The possibility that the United States might slip into a recession has strengthened with the Conference Board Leading Economic Index (LEI) remaining in the red in October.
Ataman Ozyildirim, senior director, economics, at The Conference Board, pointed out that the LEI has fallen for the eighth consecutive month, suggesting that the American economy is likely in a recession.
“The downturn in the LEI reflects consumers’ worsening outlook amid high inflation and rising interest rates, as well as declining prospects for housing construction and manufacturing,” he said.
“The Conference Board forecasts real GDP growth will be 1.8 percent year over year in 2022, and a recession is likely to start around year-end and last through mid-2023.”
Most LEI components declined in October, with non-financial components and average consumer expectations for business conditions declining by 1.74 percent and 2.8 percent, respectively.

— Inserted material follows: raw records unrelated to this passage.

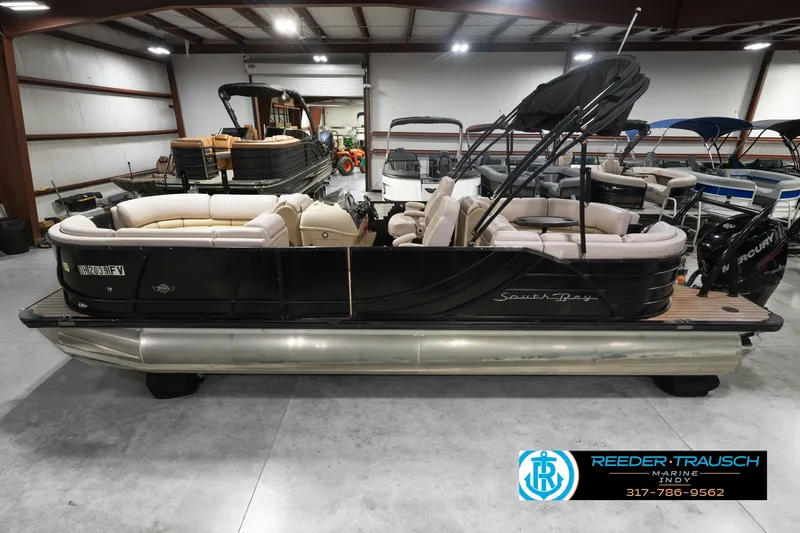 The Image of 2017 South Bay 725 RS pontoon boat in showroom, featuring plush seating and sleek design. - 0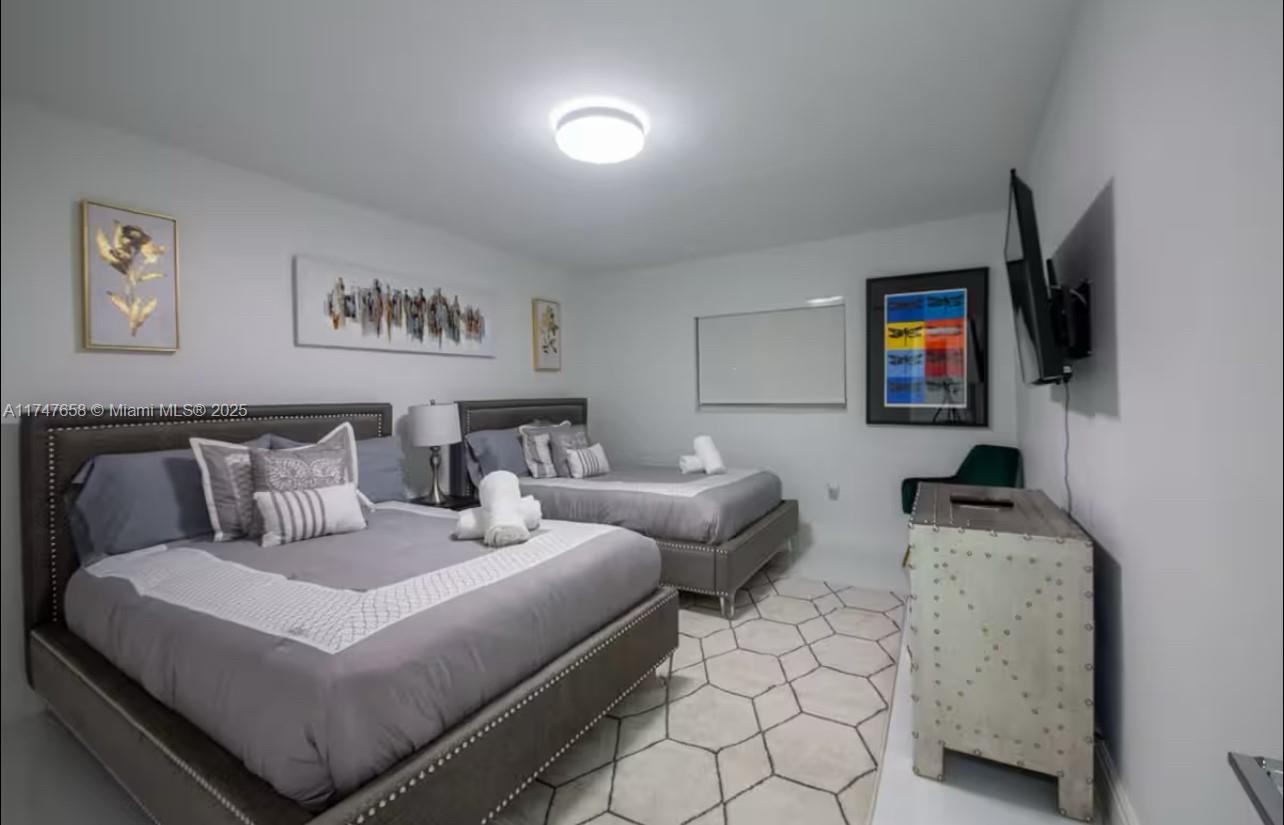 2271 Northeast 191st Street Miami, FL 33180 - Photo 20 of 24 a bedroom with bed and a couch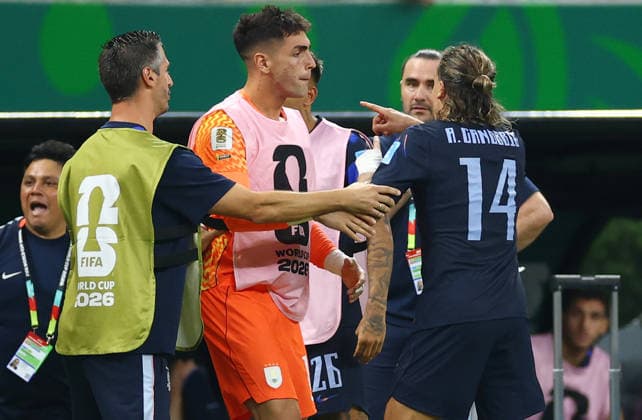 Uruguay s Agustin Canobbio (14) argues on the sideline after receiving a red card for his tackle on Spain s Pau Cubarsi in the second half of a FIFA World Cup, WM, Weltmeisterschaft, Fussball match at Guadalajara Stadium in Guadalajara, Mexico, on Friday, June 26, 2026.  GUA20260626826 CHRISTIANxBRUNSKILL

The Treasury yield curve is also flashing warning signals. When longer-term interest rates like the 10-year yield get lower than their short-term counterparts like the two-year yield, it results in an inverted yield curve, which usually has been an indicator of a future recession, although it is not definite.
Recession Warning
While speaking at an investment panel in Riyadh last month, Goldman Sachs CEO David Solomon predicted economic conditions to tighten and that the Federal. Reserve will keep raising interest rates until the range hits 4.5–4.75 percent before pausing.But if the Fed does not see “real changes,” Solomon expects rates to go up further. “And I think generally when you find yourself in an economic scenario like this where inflation is embedded, it is very hard to get out of it without a real economic slowdown,” he said, according to CNBC.
However, if a serious downturn were to materialize, the default rates could climb to 6 percent, which would be the highest level since March last year.